WHAT NEEDS TO BE DONE: Quote the lines below from the one containing "Immagine 15/50 di" to the final line, both ends included; exclude the pictures.

DATA EXCERPT:
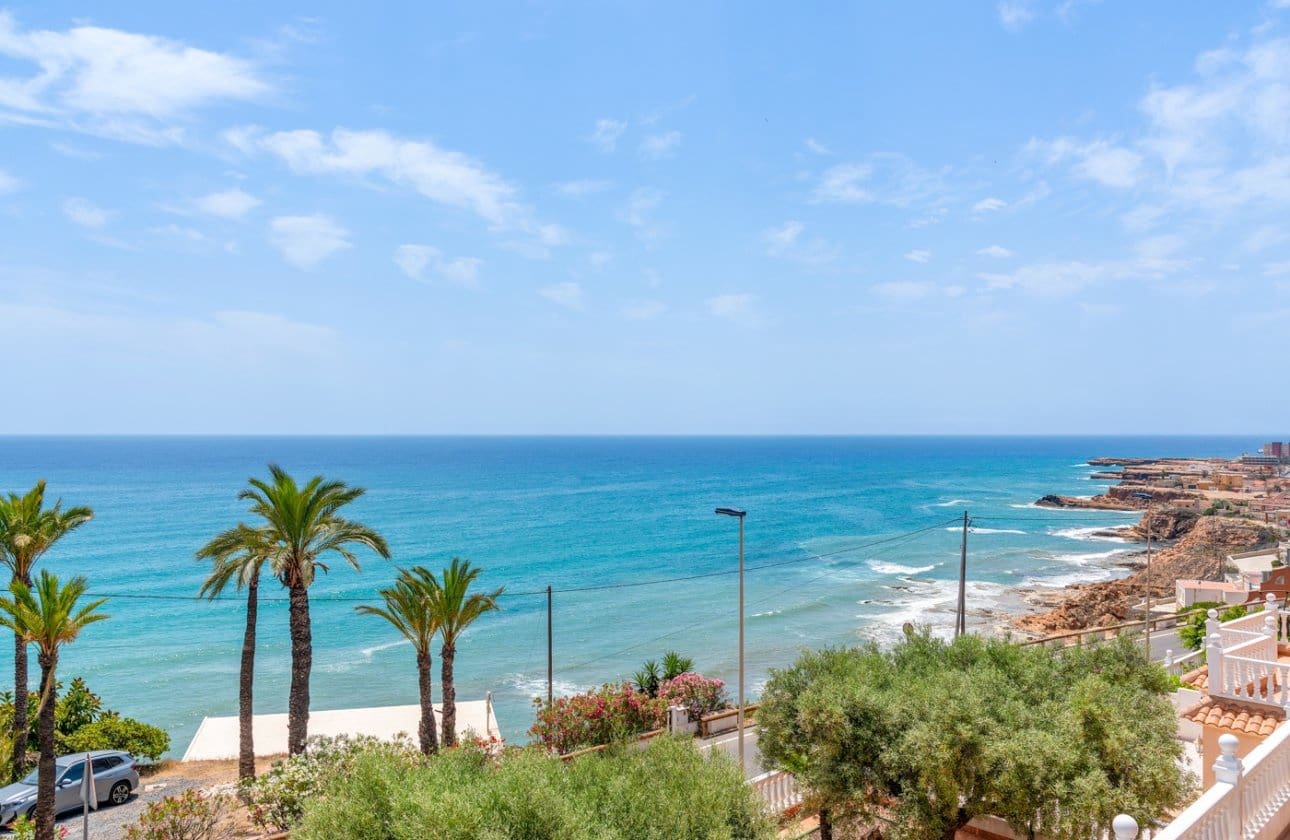 4 soverom Villa til salgs i Torrevieja med svømmebasseng - € 960 000 (Ref: 9137507)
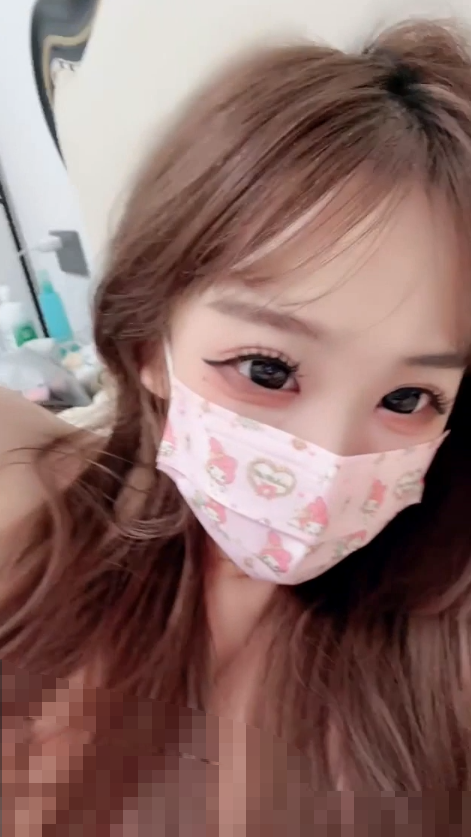 酥酥OVO 口罩美女昙花一现，唯一一次啪啪秀 预览图 1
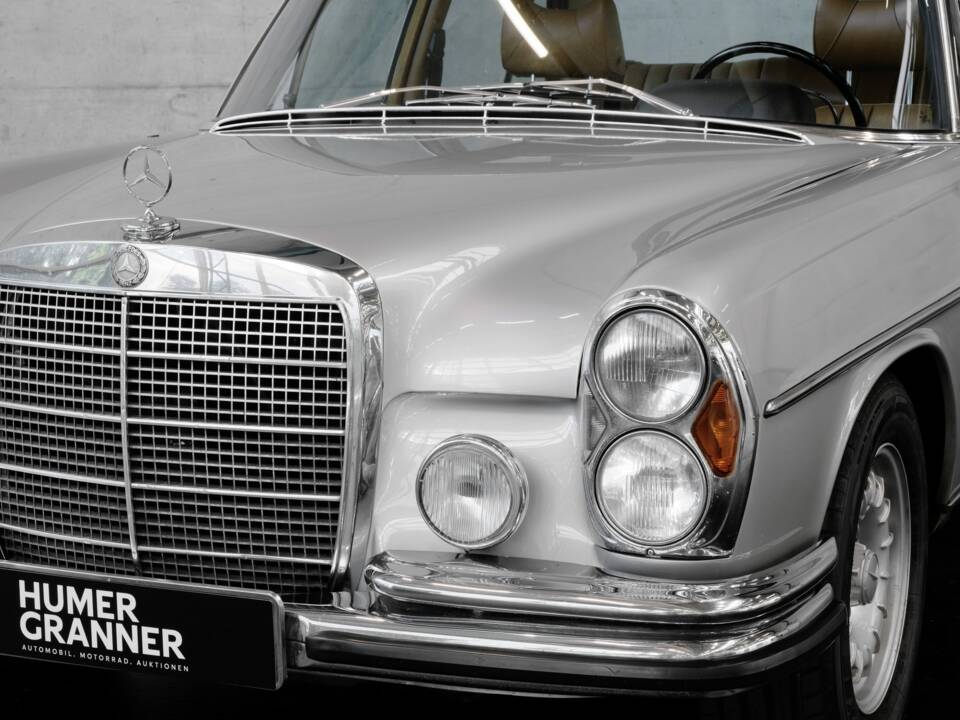 Immagine 15/50 di Mercedes-Benz 300 SEL 6.3 (1968)
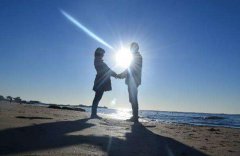 八字算命：什么样的八字女命有人追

PROBLEM SOLUTION:
 Immagine 15/50 di Mercedes-Benz 300 SEL 6.3 (1968)
 八字算命：什么样的八字女命有人追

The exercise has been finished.